La course à l'espace démesurée de SpaceX

Publié le 29 décembre 2018 Économie Nouvelles Technologies Science

Le 28 Mars 2018, la Commission Fédérale des Communications américaine (FCC), régulatrice des télécommunications, autorisait SpaceX à lancer 4 425 satellites dans l’espace. Sauf que l’espace, c’est grand. Très grand. Et puisque « quand y en a pour deux, y en a pour moi », le jeudi 15 novembre, la FCC a autorisé SpaceX à mettre 7 518 satellites supplémentaires en orbite dans les prochaines années. En tout, 11 943 satellites doivent être lancés en neuf ans, dont la moitié en six ans. C’est le projet Starlink. En comparaison, le Bureau des Affaires Spatiales de l’ONU ne recense qu’à peine 8 000 objets lancés dans l’espace depuis Spoutnik en 1957. Si l’on compte entre 4 800 et 4 900 objets encore en orbite, moins de 2 000 objets seraient encore actifs selon l’armée américaine.

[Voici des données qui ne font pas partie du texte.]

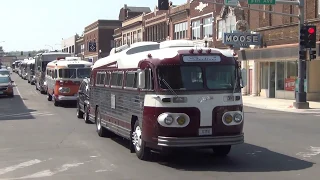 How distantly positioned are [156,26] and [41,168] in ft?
190

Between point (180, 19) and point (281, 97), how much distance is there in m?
23.6

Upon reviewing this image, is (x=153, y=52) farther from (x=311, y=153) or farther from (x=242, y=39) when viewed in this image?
(x=242, y=39)

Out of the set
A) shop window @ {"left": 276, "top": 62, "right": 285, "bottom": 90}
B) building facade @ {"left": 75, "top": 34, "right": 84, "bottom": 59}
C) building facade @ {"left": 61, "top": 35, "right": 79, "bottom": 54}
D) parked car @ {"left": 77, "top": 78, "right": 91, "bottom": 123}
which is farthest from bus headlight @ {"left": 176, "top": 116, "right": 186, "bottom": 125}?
building facade @ {"left": 61, "top": 35, "right": 79, "bottom": 54}

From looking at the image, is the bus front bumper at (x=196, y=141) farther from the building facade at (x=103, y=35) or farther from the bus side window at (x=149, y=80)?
the building facade at (x=103, y=35)

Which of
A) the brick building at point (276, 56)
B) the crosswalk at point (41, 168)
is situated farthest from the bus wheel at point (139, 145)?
the brick building at point (276, 56)

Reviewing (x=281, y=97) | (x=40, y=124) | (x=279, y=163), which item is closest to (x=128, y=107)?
(x=279, y=163)

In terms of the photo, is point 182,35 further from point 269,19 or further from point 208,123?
point 208,123

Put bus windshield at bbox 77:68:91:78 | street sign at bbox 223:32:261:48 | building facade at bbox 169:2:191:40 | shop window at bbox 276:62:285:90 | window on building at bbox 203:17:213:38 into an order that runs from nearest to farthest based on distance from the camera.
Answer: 1. bus windshield at bbox 77:68:91:78
2. shop window at bbox 276:62:285:90
3. street sign at bbox 223:32:261:48
4. window on building at bbox 203:17:213:38
5. building facade at bbox 169:2:191:40

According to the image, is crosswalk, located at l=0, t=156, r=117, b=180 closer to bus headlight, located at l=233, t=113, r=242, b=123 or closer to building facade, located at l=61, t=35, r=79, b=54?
bus headlight, located at l=233, t=113, r=242, b=123

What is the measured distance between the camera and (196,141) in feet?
34.6

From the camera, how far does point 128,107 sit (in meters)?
12.5

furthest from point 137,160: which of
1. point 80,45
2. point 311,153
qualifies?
point 80,45

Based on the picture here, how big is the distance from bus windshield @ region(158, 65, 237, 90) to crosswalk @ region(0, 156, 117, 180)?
7.17 feet

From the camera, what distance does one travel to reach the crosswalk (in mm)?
9992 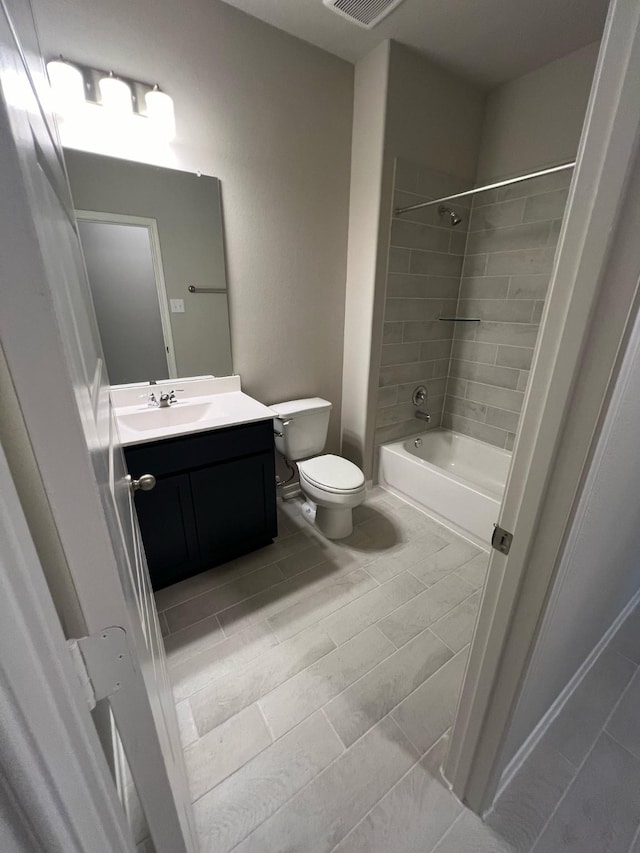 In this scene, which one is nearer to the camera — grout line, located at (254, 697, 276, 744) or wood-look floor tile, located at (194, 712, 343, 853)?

En comparaison également, le plus grand projet concurrent, « OneWeb », mené par plusieurs entreprises, ambitionne une méga-constellation de 900 satellites.

Ces satellites seront bientôt envoyés à quelques centaines de kilomètres au-dessus de nos têtes afin d’assurer un ravitaillement en Internet à toute la planète bleue avec une performance record. En plaçant la constellation en orbite basse entre 335 et 346 km d’altitude, Elon Musk promet un temps de latence entre l’utilisateur et le satellite de seulement 25 millisecondes, soit 50 millisecondes aller-retour. Un Internet sans fil ultra-rapide pouvant couvrir les régions les plus rapides du monde. Notons que cette orbite est vraiment basse : si l’ISS plane à 400 km au-dessus de nous, les énormes satellites géostationnaires qui convoient les données aujourd’hui sont placés à 36 000 km !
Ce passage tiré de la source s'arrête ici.